Monday, 17 December 2012

Review: Grant Green - Idle Moments

So after a long time of trying to get a blog, twitter account and website set up, I've decided to just jump in and get posting. And when the site is in a half-decent state, to go live with it then. In the mean time, some of my writings and opinion pieces go straight here. So what better way to kick off than with one of my favourite musicians, and one of the jazz worlds more deserving of higher praise and notice - Grant Green.

Grant Green is known mostly today as a great source of samples for a variety of acid jazz and dance aficionados  largely because of the records he made during the ‘second half of his career’ – groove based rhythm and funk work that earned derisory comments from the jazz crowd, but gained some nods of approval from the younger funk crowd. Funk came easy and naturally to Green, almost as if it was already part of him all along, and he made some deeply grooveable albums. A side-effect of this is that it is often forgotten that he could also be a straight jazz and blues player, and a master of richly melodic improvisation to sometimes rival even even that of the great Wes Montgomery.

There are a good few strong contenders for the title of Greens greatest straight jazz album, including his debut ‘Grants First Stand’ and the excellent ‘Street Of Dreams’. But without a doubt the absolutely best ‘pure’ jazz album he made, was ‘Idle Moments’ in 1963.

Made up of just four tracks, the title piece and ‘Nomad’ both come in over ten minutes, at 14:56 and 12:16 respectively, whereas ‘Jean De Fleur’ and The Modern Jazz Quartet's ‘Django’ are comparatively shorter pieces. All four though are exceptional.

‘Jean De Fleur’ and ‘Django’ were actually recorded in two versions, with the shorter, second versions appearing on the original album. The reason for this was the fact that the breathtaking ‘Idle Moments was originally planned to be no longer than seven minutes, in order to make up the LP maximum length of forty minutes without going over the limit. However, after recording the rest of the album first, the group then, carried away with the groove and the flow, played an almost fifteen minute long version, with outstanding solos from all the players. Luckily Alfred Lion, a man known for his good ear, rather than aborting, kept the tape running and recorded every minute. Deciding to keep this exciting development, Lion made the call to have a second session (at his own expense) where they should record more truncated takes on the other two numbers, save losing the languid beauty of the gently epic piece.
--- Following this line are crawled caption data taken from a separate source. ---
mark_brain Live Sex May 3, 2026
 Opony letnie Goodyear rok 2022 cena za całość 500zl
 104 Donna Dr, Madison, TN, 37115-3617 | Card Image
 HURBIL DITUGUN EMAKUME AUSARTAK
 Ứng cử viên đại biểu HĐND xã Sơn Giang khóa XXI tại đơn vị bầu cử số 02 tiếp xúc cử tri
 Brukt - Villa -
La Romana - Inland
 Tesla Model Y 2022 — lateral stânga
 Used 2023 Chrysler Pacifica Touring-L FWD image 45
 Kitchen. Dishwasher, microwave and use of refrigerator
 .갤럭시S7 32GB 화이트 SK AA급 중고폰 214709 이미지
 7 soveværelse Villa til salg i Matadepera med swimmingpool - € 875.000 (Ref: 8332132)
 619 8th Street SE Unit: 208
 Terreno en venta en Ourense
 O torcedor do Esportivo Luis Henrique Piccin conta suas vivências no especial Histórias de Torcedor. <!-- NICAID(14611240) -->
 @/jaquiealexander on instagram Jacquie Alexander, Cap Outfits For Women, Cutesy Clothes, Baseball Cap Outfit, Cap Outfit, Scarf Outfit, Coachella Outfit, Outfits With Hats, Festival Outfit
Far from being over-long or noodle-some  ‘Idle Moments’ is relaxed with a strong after-midnight atmosphere, reflecting the time of day it was recorded. And Greens solo is a languorous and lyrical cascade, creating the perfect path for Duke Pearson, Joe Henderson and Bobby Hutcherson to follow, on piano, tenor sax and vibes respectively. It’s possibly the most serene fifteen minutes of music you will ever hear. ‘Nomad’ too manages to break the ten-minute barrier, without losing the listener, but maintaining a faster and more driving pace.

The shorter tracks are just as good however, raising and lowering the tempo expertly throughout the album. Interestingly, and very welcomely, certain releases of this album contain the longer original cuts of ‘Jean De Fleur’ and ‘Django’, with the latter being more than five whole minutes longer than the cut that made the original album. This extended version should definitely be the one to seek out, a classic recording elevated even higher.

One of those rare few recordings you can easily listen to the whole way through and then instantly hit the repeat button when it finishes and listen to all over again, it’s a classic of its kind and should be duly considered one of the best Grant Green, best Blue Note, and best jazz works ever. Essential and beautiful.

This review was originally written in 2010.
If anything this classic recording has only improved in the years since.